Propuesta de paz del Centro Democrático

El 30 de marzo pasado publicó el Centro Democrático en su página de Internet www.centrodomocratico.com, entrar por Inicio a Comunicaciones, y luego al documento titulado: Primer documento de la comisión de estudio del Centro Democrático sobre el proceso de La Habana, el cual consta de unas seis páginas que no pueden ser ignoradas por los colombianos que desean un futuro mejor para sus hijos y nietos. Intento resumirlo a continuación.
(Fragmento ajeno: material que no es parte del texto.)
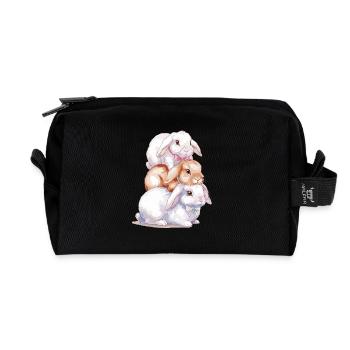Pile de lapin mignonne pour les amateurs de lapins - Trousse de toilette en tissu recyclé - noir - Devant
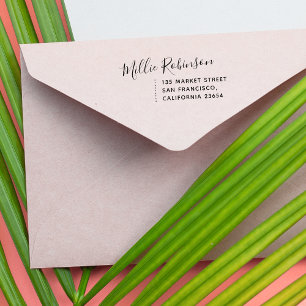 Tampon Auto-encreur Script moderne   Nom et adresse de retour personna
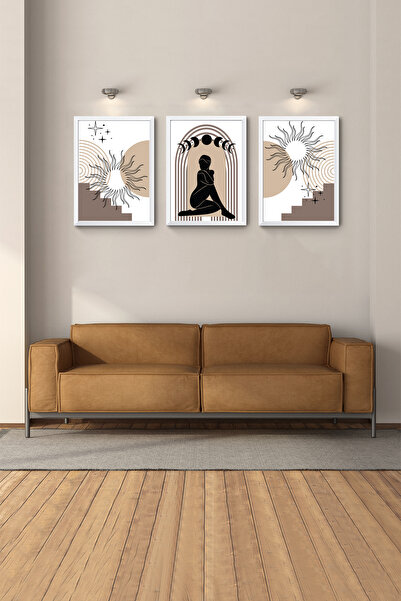 Hagen Beyaz Çerçeveli Tablo Soyut Tablo Modern Tablo 3lü Tablo Yatak Odası Du...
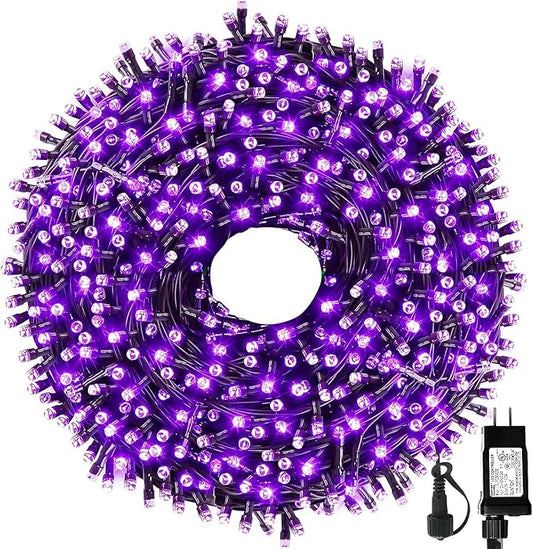 105FT 300LEDs Christmas Lights Outdoor Indoor 8 Modes for Christmas Tree Party Decoration, 100% UL Listed (Purple, 105 FT)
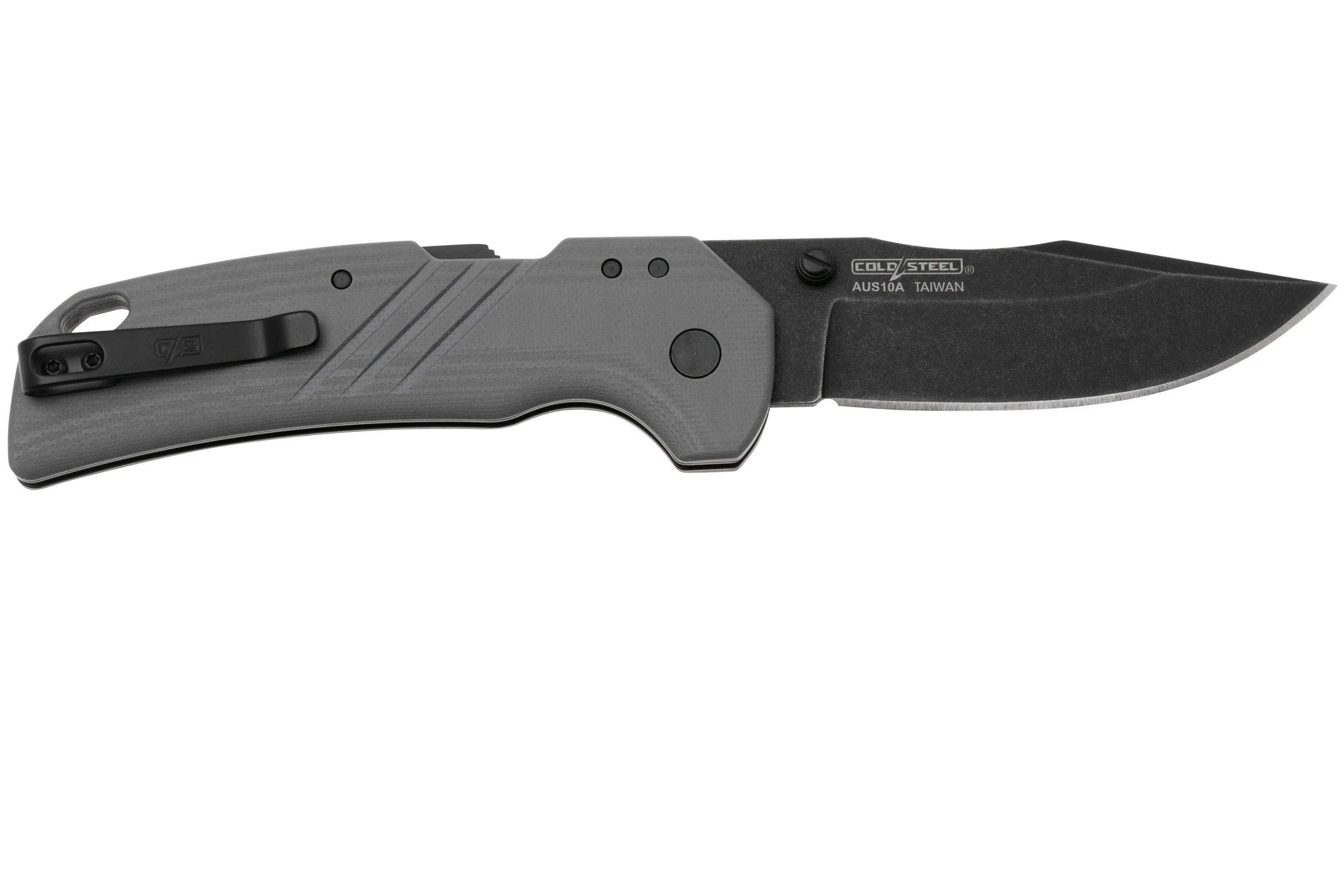 COLD STEEL ENGAGE CLIP POINT FL30DPLD10BGY BLACKWASHED AUS10A, GRAY G10, NAVAJA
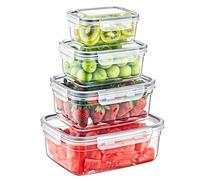 My Happy Home 4 Piece Set Rectangular Plastic Food Storage Containers with Locking Lids, Airtight, BPA Free, Leakproof Dish-Washer Safe, Food Grade Material - Stackable Space Saving Design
Entre 2010 y 2014, período de los diálogos secretos y abiertos con las Farc, se incrementaron las extorsiones en 232%, los ataques a las instalaciones militares 111%, los atentados contra los oleoductos 355%, los hostigamientos contra la Fuerza Pública en 69%, los retenes y las acciones terroristas en 62%.

Se contradice el presidente Santos cuando afirma que no negociará el modelo de desarrollo, puesto que en el preámbulo del Acuerdo Macro se permite negociarlo todo. Por ejemplo, en el Acuerdo Agrario se acepta la expropiación de tierras por un supuesto incumplimiento de la función social, ecológica o por declaratoria del interés social dictada por el indefinido Consejo de Tierras con participación de las Farc.

Por medio de las Zonas de Reserva Campesina, le entregarán a las Farc 9,5 millones de hectáreas adicionales a las existentes, las cuales estima quien esto comenta en otros 9,5 millones adicionales, así pues, controlarán el 15% aproximadamente de la superficie de Colombia. Sobre estos territorios tendrán las Farc autonomía política, administrativa, económica, regirán la justicia sin control de la Fuerza Pública y, para rematar, serán inembargables.

El Departamento de Estado de los Estados Unidos informa que la siembra y la producción de cocaína se han incrementado en Colombia. Ello se debe a una reducción de la aspersión aérea, a la reducción en la erradicación manual de los cultivos ilícitos y a un desmoralizador discurso presidencial proclive a la legalización de la droga.

Las Farc se burlan de los acuerdos. El cese unilateral es una farsa para inducir el cese bilateral, es decir, la parálisis de las Fuerzas Militares, y a fe que lo lograron, como lo demuestra el cese de los bombardeos a los campamentos de las Farc. Lo mismo acontece con su desminado selectivo, el cual excluye las selvas que rodean sus campamentos.

La captura de inmensos cargamentos de armas con destino a los frentes terroristas de las Farc, nos permite afirmar que nadie se rearma cuando supuestamente está en vísperas de un acuerdo de paz. Se rearma para continuar con la violencia y el terrorismo.

Concluye el documento del Centro Democrático: “Para que este cese de acciones criminales sea eficaz debe ser verificable, irreversible y definitivo, lo cual exige que las Farc reúnan todos sus efectivos y todas sus armas en un sitio de concentración, que no debe estar en ningún casco urbano, en zonas de frontera, en áreas estratégicas, ni en lugares de alta producción agrícola y ganadera”.

Resulta conveniente tener paciencia para prolongar los diálogos, porque el fin del conflicto solo empezará cuando haya acuerdo sobre todas las materias que se discuten y terminará cuando se hayan implementado de manera simultánea e integral -en concepto de las Farc- todo lo acordado. Esto no sucederá en el corto plazo y, quizá, ni en un futuro remoto.